WHAT NEEDS TO BE DONE —
In the records below, find the line containing "Whole fresh organic figs on blue background" and return it together with every later line, exactly as written; pictures are to be omitted.

[DATASET ENTRIES — start]

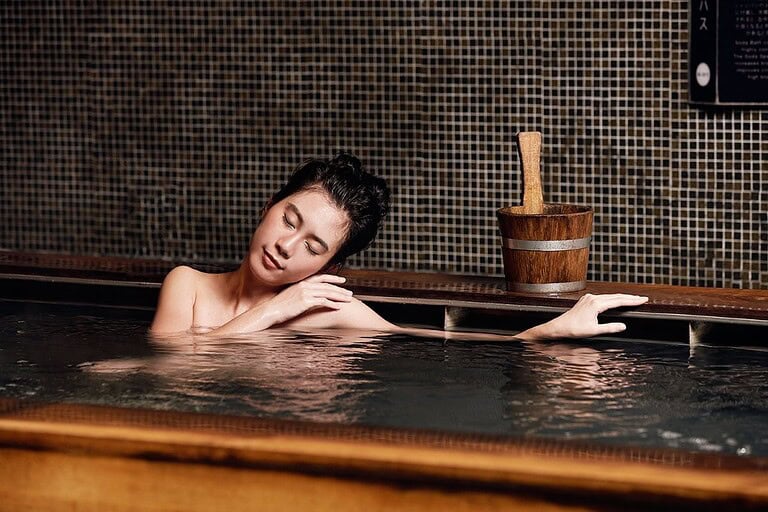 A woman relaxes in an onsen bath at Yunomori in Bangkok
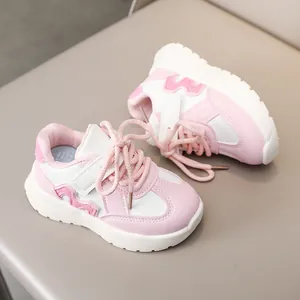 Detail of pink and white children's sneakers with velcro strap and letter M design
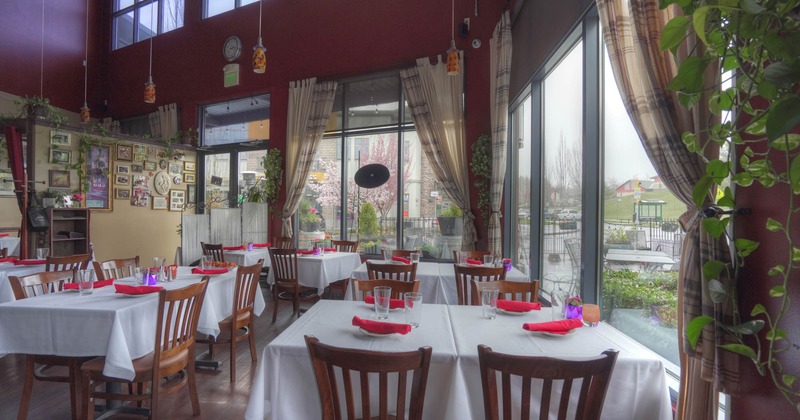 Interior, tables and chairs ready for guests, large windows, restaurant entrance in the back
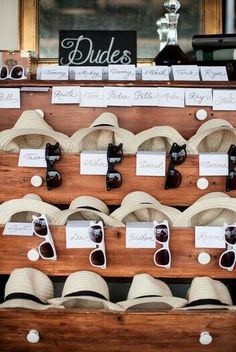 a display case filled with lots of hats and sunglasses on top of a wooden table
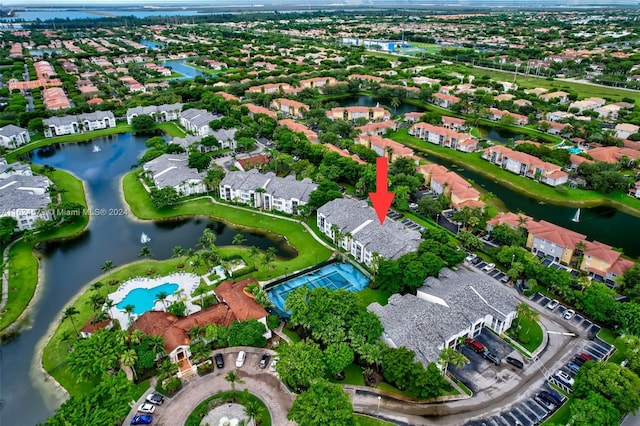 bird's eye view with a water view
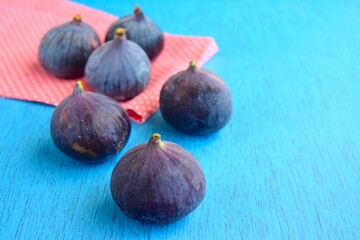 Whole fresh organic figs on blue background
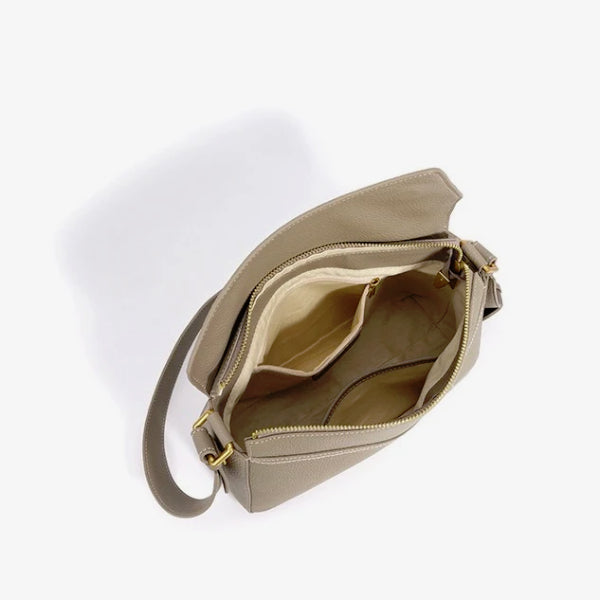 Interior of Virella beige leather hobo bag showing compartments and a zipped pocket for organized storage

[DATASET ENTRIES — finish]

RESPONSE TO THIS EXERCISE —
 Whole fresh organic figs on blue background
 Interior of Virella beige leather hobo bag showing compartments and a zipped pocket for organized storage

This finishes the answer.